### What the exercise asks
Each entry below needs to be copied exactly, with nothing dropped.

Records from a data source
BEGIN

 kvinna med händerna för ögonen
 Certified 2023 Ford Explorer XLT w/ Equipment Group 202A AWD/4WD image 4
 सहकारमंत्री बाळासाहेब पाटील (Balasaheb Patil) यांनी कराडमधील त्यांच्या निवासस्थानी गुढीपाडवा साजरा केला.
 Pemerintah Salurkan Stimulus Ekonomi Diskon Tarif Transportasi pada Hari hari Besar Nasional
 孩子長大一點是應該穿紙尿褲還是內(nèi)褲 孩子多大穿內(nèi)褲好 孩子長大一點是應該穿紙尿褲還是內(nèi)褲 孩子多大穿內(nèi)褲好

END

### Solution to the exercise
 kvinna med händerna för ögonen
 Certified 2023 Ford Explorer XLT w/ Equipment Group 202A AWD/4WD image 4
 सहकारमंत्री बाळासाहेब पाटील (Balasaheb Patil) यांनी कराडमधील त्यांच्या निवासस्थानी गुढीपाडवा साजरा केला.
 Pemerintah Salurkan Stimulus Ekonomi Diskon Tarif Transportasi pada Hari hari Besar Nasional
 孩子長大一點是應該穿紙尿褲還是內(nèi)褲 孩子多大穿內(nèi)褲好 孩子長大一點是應該穿紙尿褲還是內(nèi)褲 孩子多大穿內(nèi)褲好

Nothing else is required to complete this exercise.